I visited 20 years at a girls school from the late 70s to late 90s.
I could point to you just the time, the girl, the hour, when I saw
Reagan ruin America. When America decided not to listen to
Jimmy Carter and instead listen to a gimpy actor. Downhill.
I was coming into the school for two months of the year when
my work load for money was lean and mean (winter). I was splitting
wood across town for an elderly couple for those same 20 winters.
Carson born and raised. In the summer months I did the gardens
for the elderly couple. They left me cash under a tea cup in the
kitchen without fail, my paycheck.

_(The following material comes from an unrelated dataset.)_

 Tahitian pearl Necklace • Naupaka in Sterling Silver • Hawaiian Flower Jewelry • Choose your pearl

At the school I was hired to
help out our nearest neighbor at the time, a half mile down river,
who had no idea how to teach poetry (and that was because she was
trying to teach it). I was building a stonewall for her and her husband,
they had Sweetheart and me in one evening after work for supper. She shared
her plight. Her husband said, "Why don't you ask Bob if he can help?"
She said if I would visit the school with her she'd pay me her class pay
that day, $9. In 1979 $9 was $9. It still is. I sold 25 LPs and 5 CDs
yesterday for $54 cash-in-hand. Took Sweetheart out to lunch. When I drove
down to the school with my neighbor I met the kids and the kids met me.

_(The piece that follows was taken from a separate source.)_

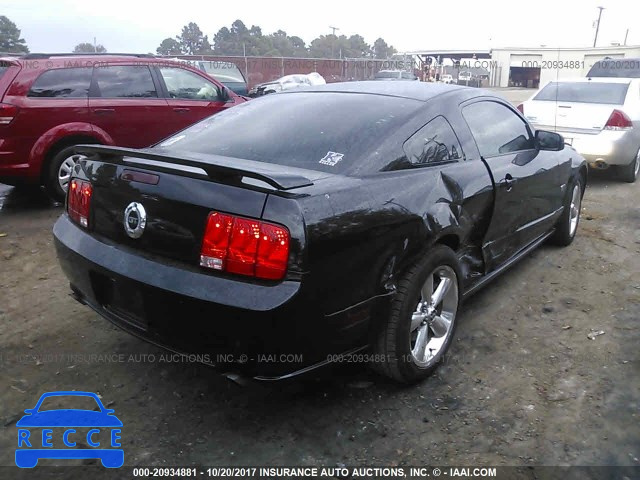 2006 Ford Mustang 1ZVHT82H465210895 image 3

Yes, a little wildfire rippled through the joint, this guy with ponytail and
big beard. The head of the English dept. came for a look, sleek boots,
technical skills, no literary lust. It turns out she was leaving and an
older and jolly sage was taking over. She came for a look, sat right in,
eyes sparkled and she laughed. I was hired for years to come. Not much
official academic decorum in my background, nor driver's lic. Dress the part
(black jeans, nice shirt, vest, boots) and I shot baskets in the gym for the next
20 years in my 1 hour break after lunch, always with the girls. Great games.
This is where I brought in the jocks who "hated poetry". My afternoon writing
session of young writers was crammed to the windows. Girls on radiators. All my
poetry books were bought by teenage girls. What can I say? We laughed a lot.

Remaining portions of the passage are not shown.